TASK GOAL
Pictures stay out of the copy; set down each line of the listing below exactly.

EXERCISE DATA
-- Opening Marker --

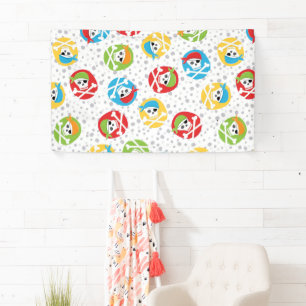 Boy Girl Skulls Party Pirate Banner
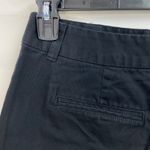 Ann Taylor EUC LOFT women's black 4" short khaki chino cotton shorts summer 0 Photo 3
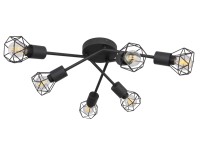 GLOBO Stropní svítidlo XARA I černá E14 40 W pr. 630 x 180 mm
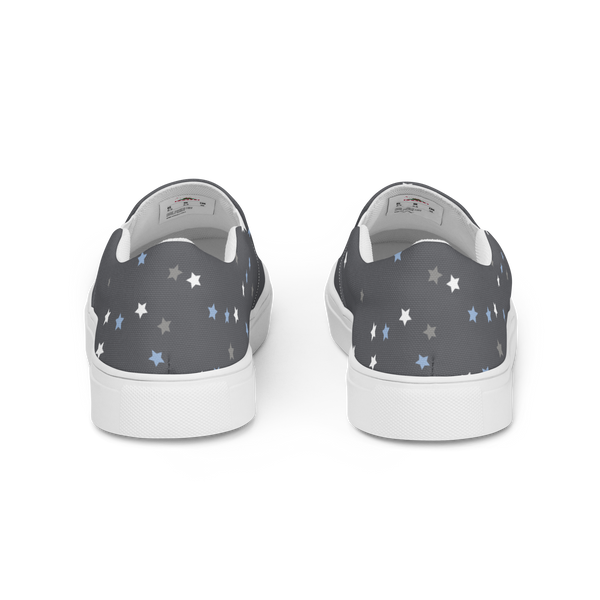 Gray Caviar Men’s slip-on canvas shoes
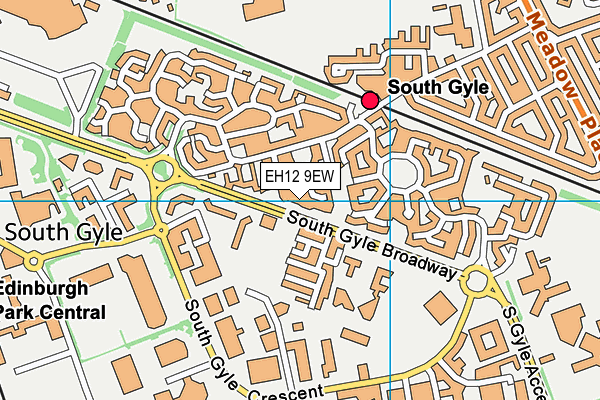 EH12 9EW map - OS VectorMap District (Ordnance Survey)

-- Closing Marker --

EXPECTED ANSWER
 Boy Girl Skulls Party Pirate Banner
 Ann Taylor EUC LOFT women's black 4" short khaki chino cotton shorts summer 0 Photo 3
 GLOBO Stropní svítidlo XARA I černá E14 40 W pr. 630 x 180 mm
 Gray Caviar Men’s slip-on canvas shoes
 EH12 9EW map - OS VectorMap District (Ordnance Survey)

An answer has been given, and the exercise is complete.